## Try it
Print, with no pictures, the exact lines that run from the one containing "Manolo Blahnik - Monaco suede loafers" through the last line of the material below, both ends included.

## Data block
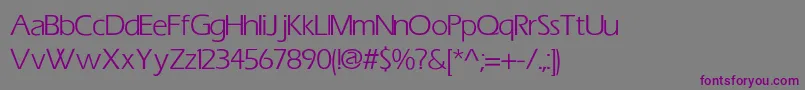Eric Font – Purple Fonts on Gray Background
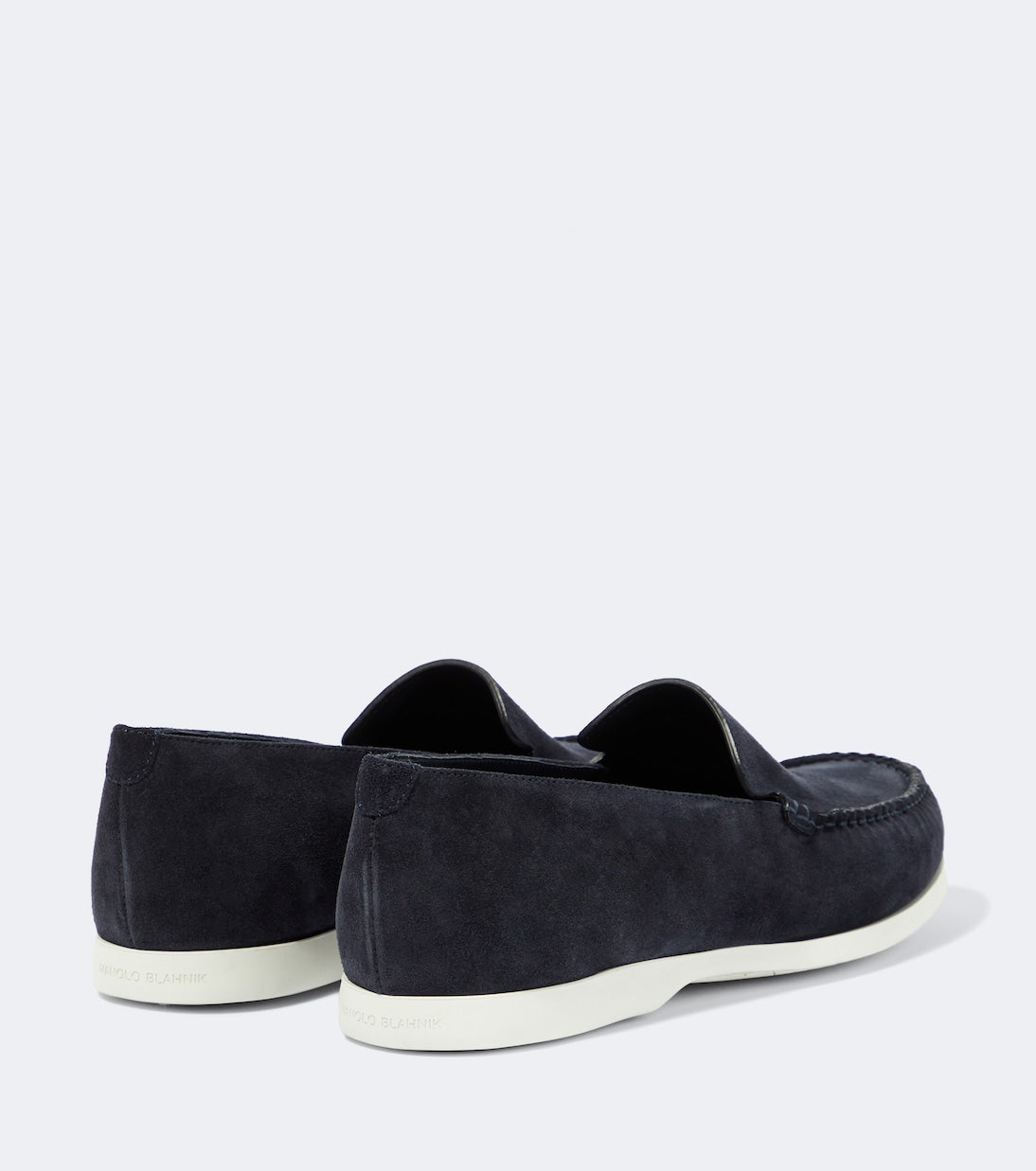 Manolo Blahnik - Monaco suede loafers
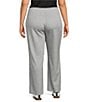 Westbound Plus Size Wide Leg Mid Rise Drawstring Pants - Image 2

## Written answer
 Manolo Blahnik - Monaco suede loafers
 Westbound Plus Size Wide Leg Mid Rise Drawstring Pants - Image 2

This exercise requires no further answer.